Kit Low - Goldman Sachs
Okay, great. Appreciate that. Secondly, just want to clarify something. You mentioned that you are going to spend about $50 million in 2007, between Kong.net and Kong search, and perhaps a bunch of other stuff. I just want to clarify, in terms of what the proportion of that will be spend on marketing, and what proportion of that will be on a CapEx basis in terms on R&D basis on the Kong search portion of it?
Yunfan Zhou
Yeah this is Yunfan. I think right now we don't have a very detailed breakdown yet, because it's still early in Q1. However for the rough ratio, we believe that we will definitely spend at least 30% similar as last year, at least 30% in marketing dollars, probably more than that. And for the CapEx, right now we don't have a big budget for the CapEx. Probably almost half of the money will be spent on the people and also some will be spent to acquire new contents and some will be spent for the product and technology development. So, that's a rough breakdown.
Kit Low - Goldman Sachs
Okay. Great, that's very helpful. Thank you.
Yunfan Zhou
Thank you.
Kit Low - Goldman Sachs
One quick last question is, has there been any indication on improvement on China Mobile site increasing their capacity to handle Java games in terms of their Java capacity on the servers?
Nick Yang
I think there is a slight improvement in the Java platform, because I think China Mobile has realized that their previous system, the Treasure Box system hasn't really worked very effectively, and I think they want to address that problem. But personally, I believe the opportunity lies more in the future on the mobile online games. Because there you can get a more sustainable revenue growth of online games rather than the single download games. And right now we are actually discussing also with China Mobile on somehow integrating our mobile online games efforts into their system as well.
Kit Low - Goldman Sachs
Okay. Great, thank you.
Nick Yang
Thank you.
Kit Low - Goldman Sachs
That’s all my questions.
Operator
Your next question comes from the line of Ming Zhao with Susquehanna International.

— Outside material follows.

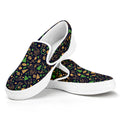 Christmas Party Elements Pattern Print White Slip On Sneakers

Ming Zhao - Susquehanna International
Thank you. Good morning, couple of small questions. First of all like a big picture question, do you think second quarter, the whole WVAS environment could stabilized. And then probably just If you can (inaudible) --
Yunfan Zhou
This is Yunfan Zhou. I think earlier I just answered another question about the 2007 WVAS for Asia. I think our plan right now is, if there is no major policy changes in Q1 and Q2. We already gave our Q1 guidance, hopefully in Q2 we will stabilize that number or we can grow a little bit. So, that’s our plan right now. But, as I said, it's hard to predict any policy changes.

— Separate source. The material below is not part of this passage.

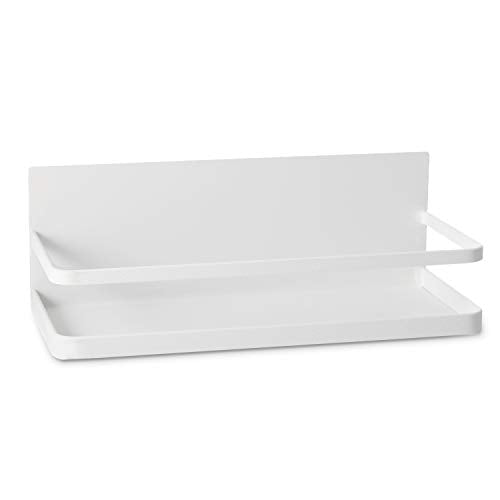 Magnetic Spice Rack Single Tier Refrigerator spice organizer Shelf, Easy to Install The Side of the Refrigerator - color: White, size: 1 PACK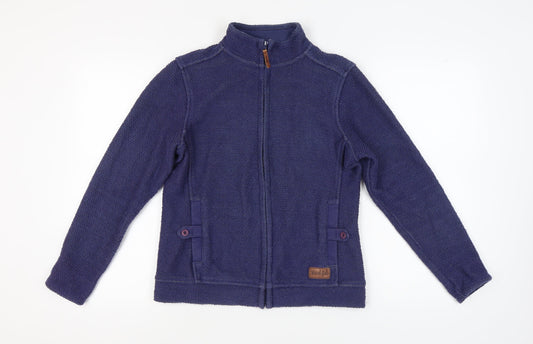 Weird Fish Women's Blue Full Zip Jacket Size 10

Ming Zhao - Susquehanna International
Okay, second question. There are some industry talks about China Mobile will do different price schemes for the WAP traffic to the [mass net] and to the few WAP sites. In other words it will increase the pricing for people to use the free WAP sites. So, what do you guys think about that? The other thing is, it is also said that the traffic to these two websites will be directed to Monster Net first and then to for example Kong.net. Are they going to happen? What's your thoughts here?
Yunfan Zhou
Yeah. I think we have actually, that is the rumor in the market. What we have done is that we have discussed with some senior people from China Mobile recently. And I think this is the question not only for Kong.net, it's for the whole wireless Internet industry. And from our discussions, we haven't done any conclusions. From my knowledge, we believe that most likely it will not happen, like whether the way you heard from the rumors. So, we are actually pretty positive about the future of the wireless Internet. And we are working with China Mobile very closely to try to find a mutual beneficial way for both Monster Net and Kong.net. And we believe this will be a very, very big market for the wireless Internet. So, there will be ways that will be mutually beneficial.

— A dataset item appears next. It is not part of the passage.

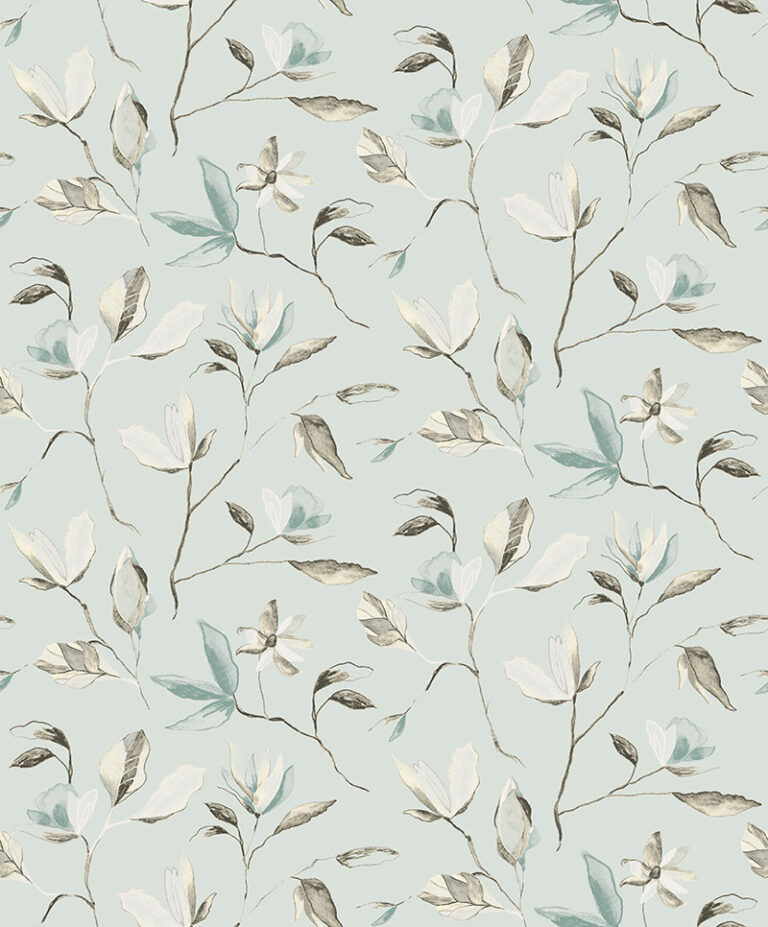 Обои Zoom — Blooming — Teal — ZEN004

Ming Zhao - Susquehanna International
Okay. Thank you.
Yunfan Zhou
Thank you.
Operator
(Operator Instructions). Your next question comes from the line of James Lee with WR Hambrecht. Please proceed.
James Lee - WR Hambrecht
Hey, good morning.
Yunfan Zhou
Good morning.
James Lee - WR Hambrecht
Can you guys talk about the cleaning up the silent users a little bit in WAP? You have talked about most of your users on WAP are one-time download users. I was just curious how much of the base right now is sort of near to border-line, the four months type of silent user situation?
Sam Sun
Yeah. Well, as you can anticipate the clean up of the silent WAP users is not really some kind of new policy. It's actually started from 2005. We've already started to clean up some of the silent users. So, for us, we think, if talking about today for 2007, the silent users should not be that much and will not have any significant impact to our WAP revenue.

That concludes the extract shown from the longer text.